[Directions]
Omit all images, then repeat exactly the lines below from the one containing "22 Pictures Of" through the one containing "Immagine di Civili", both ends included.

[Data to examine]
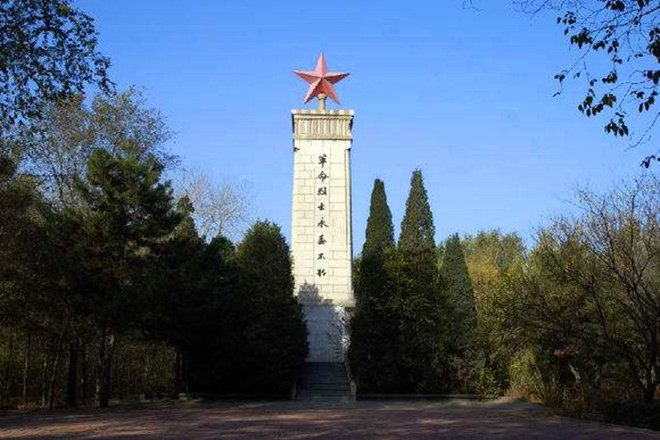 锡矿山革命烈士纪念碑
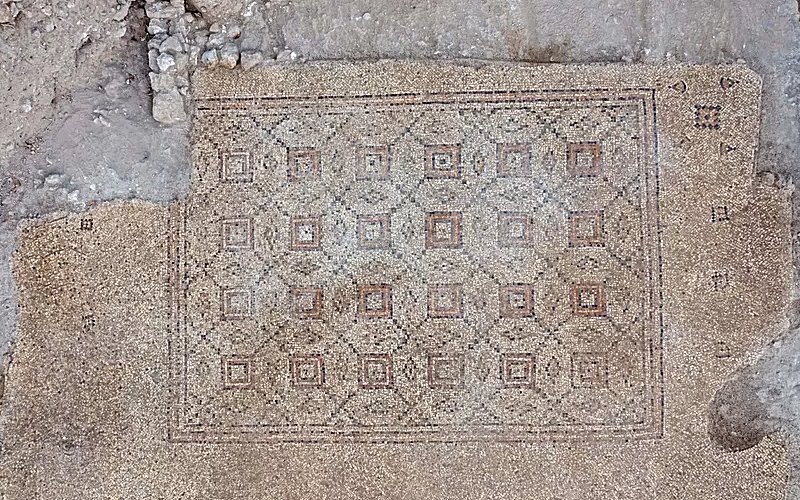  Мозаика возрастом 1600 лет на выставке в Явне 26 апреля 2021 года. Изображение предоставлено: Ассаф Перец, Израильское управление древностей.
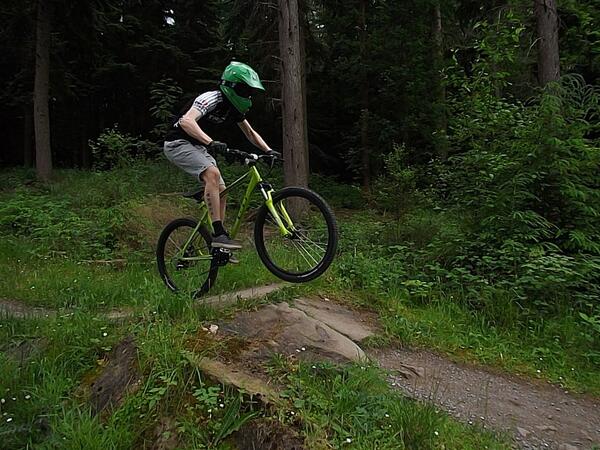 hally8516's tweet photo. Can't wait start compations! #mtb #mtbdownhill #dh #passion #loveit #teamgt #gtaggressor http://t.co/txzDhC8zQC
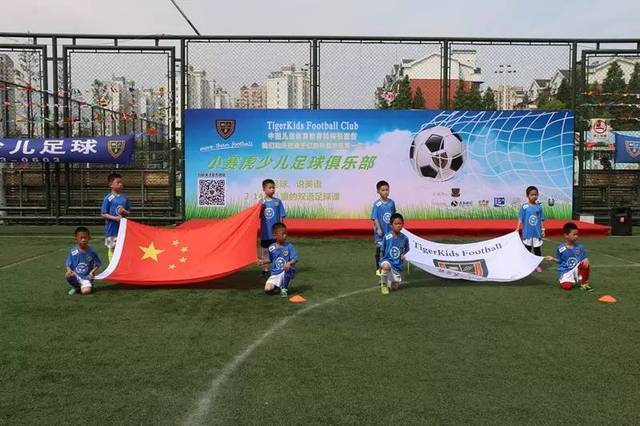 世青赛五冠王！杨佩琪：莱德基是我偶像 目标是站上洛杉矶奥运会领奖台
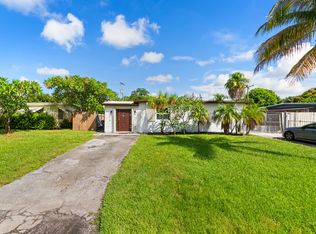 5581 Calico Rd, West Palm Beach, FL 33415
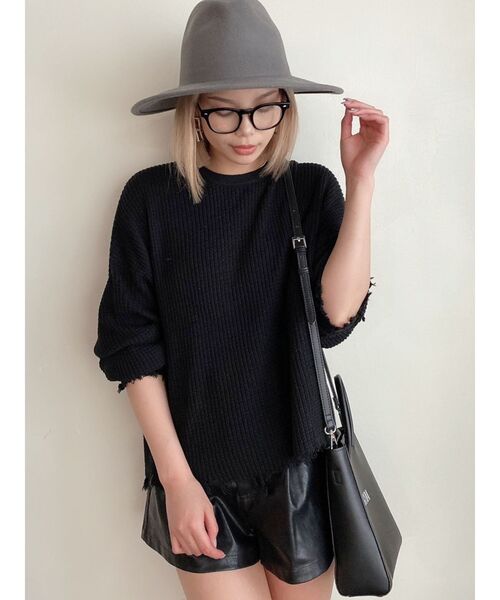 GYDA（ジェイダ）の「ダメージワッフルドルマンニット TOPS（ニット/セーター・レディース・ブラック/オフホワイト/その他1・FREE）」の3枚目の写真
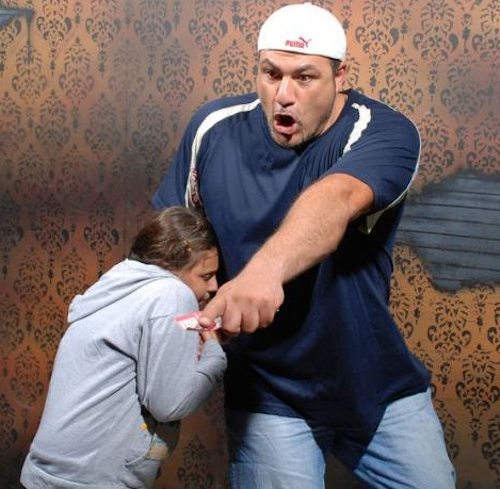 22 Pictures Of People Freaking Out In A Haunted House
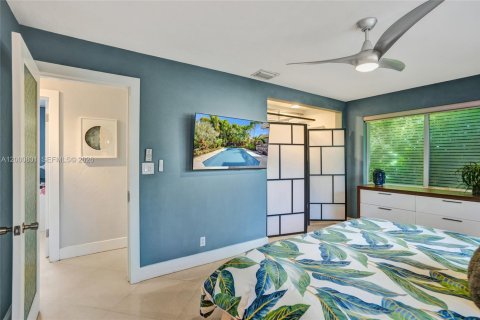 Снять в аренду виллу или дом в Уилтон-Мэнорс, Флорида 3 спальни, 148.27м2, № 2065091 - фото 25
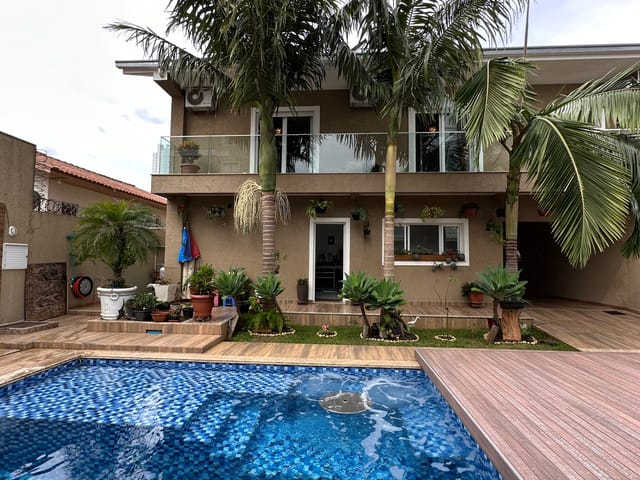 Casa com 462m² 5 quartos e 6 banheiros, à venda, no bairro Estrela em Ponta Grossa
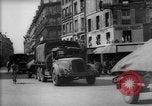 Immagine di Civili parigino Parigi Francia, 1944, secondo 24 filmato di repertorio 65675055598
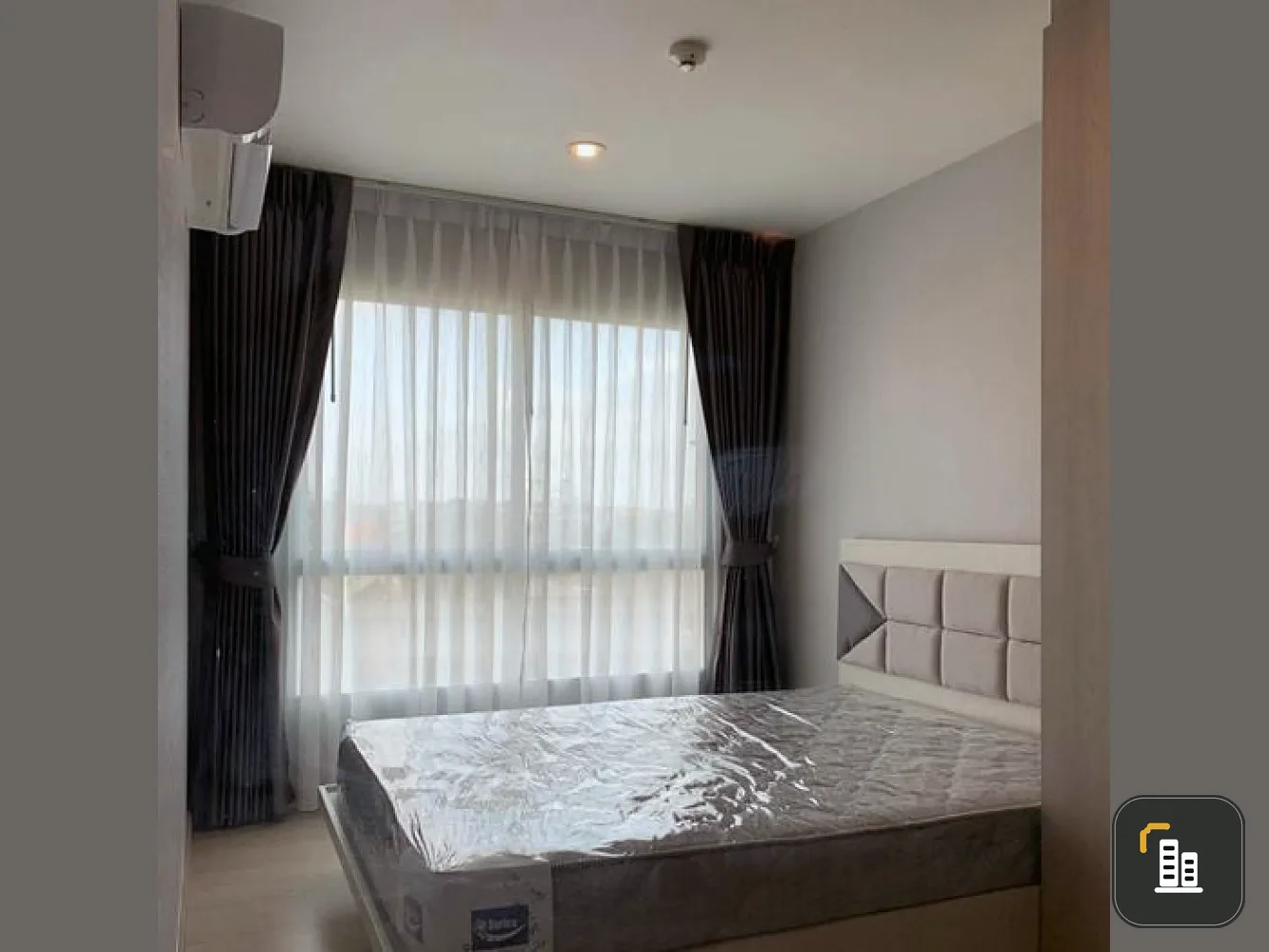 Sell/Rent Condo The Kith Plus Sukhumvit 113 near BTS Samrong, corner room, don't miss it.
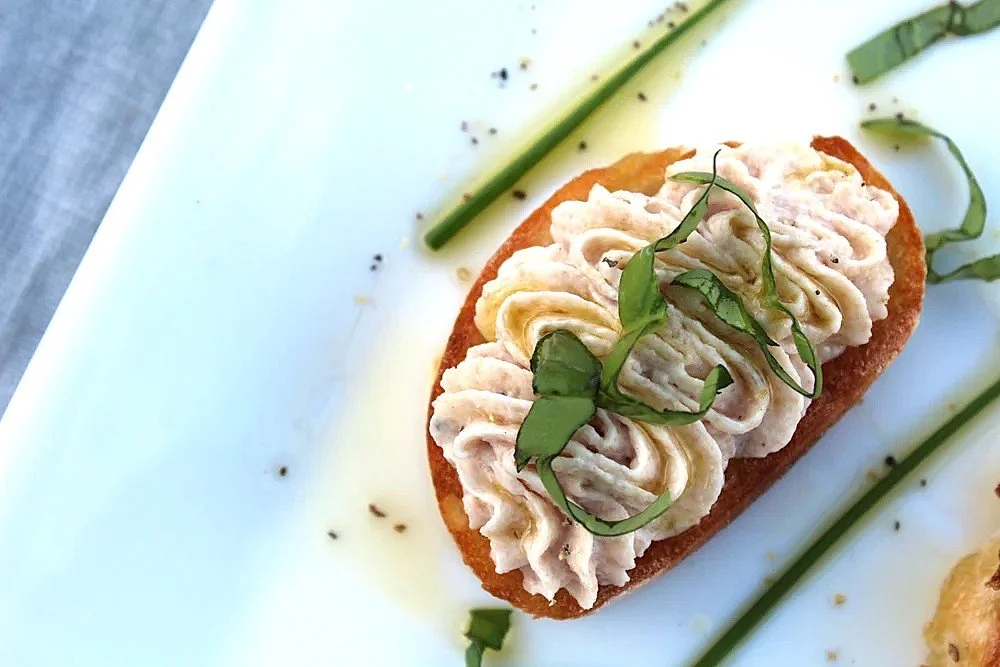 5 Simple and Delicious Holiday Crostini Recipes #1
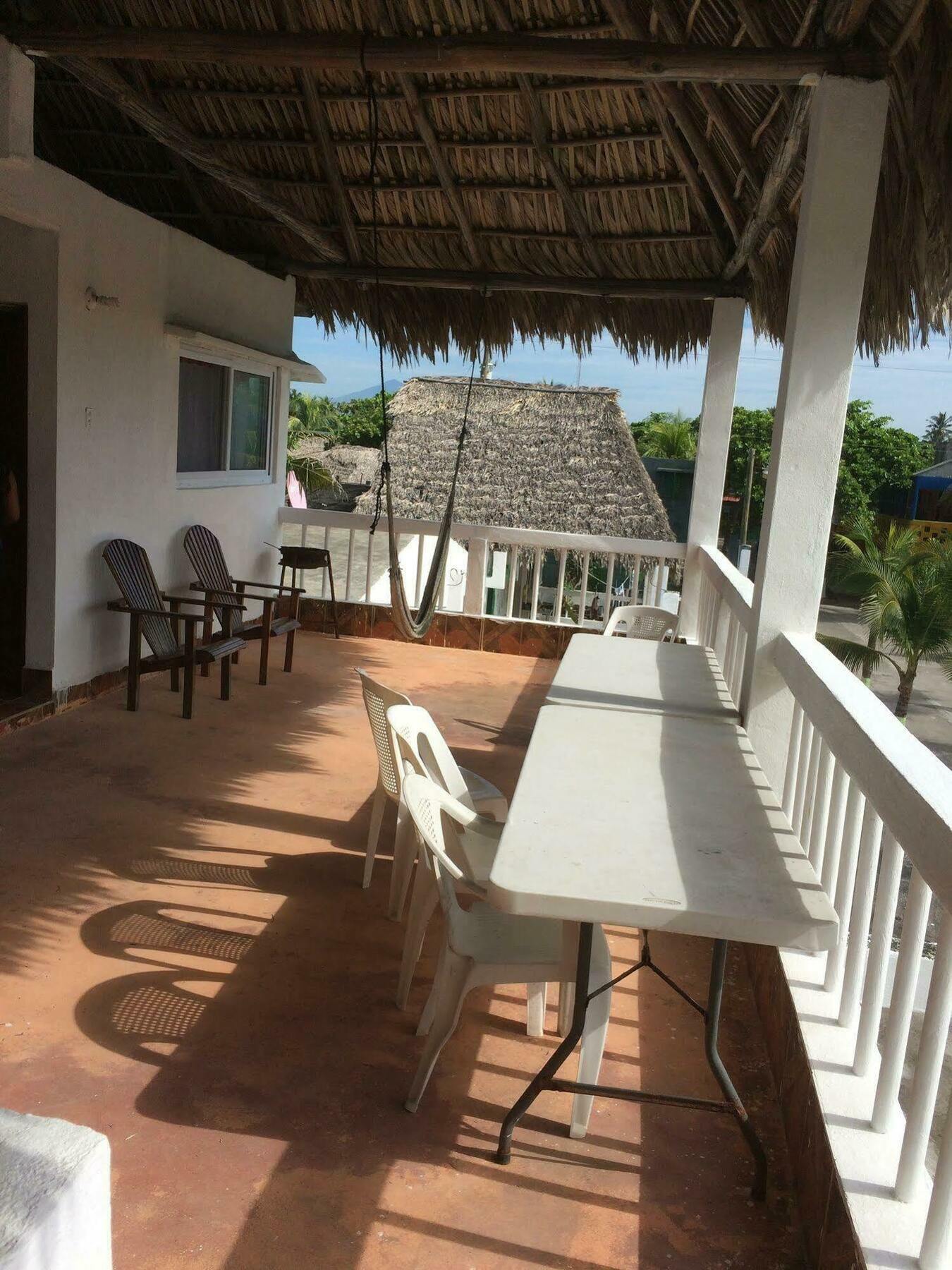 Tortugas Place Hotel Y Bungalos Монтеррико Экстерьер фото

[Solution]
 22 Pictures Of People Freaking Out In A Haunted House
 Снять в аренду виллу или дом в Уилтон-Мэнорс, Флорида 3 спальни, 148.27м2, № 2065091 - фото 25
 Casa com 462m² 5 quartos e 6 banheiros, à venda, no bairro Estrela em Ponta Grossa
 Immagine di Civili parigino Parigi Francia, 1944, secondo 24 filmato di repertorio 65675055598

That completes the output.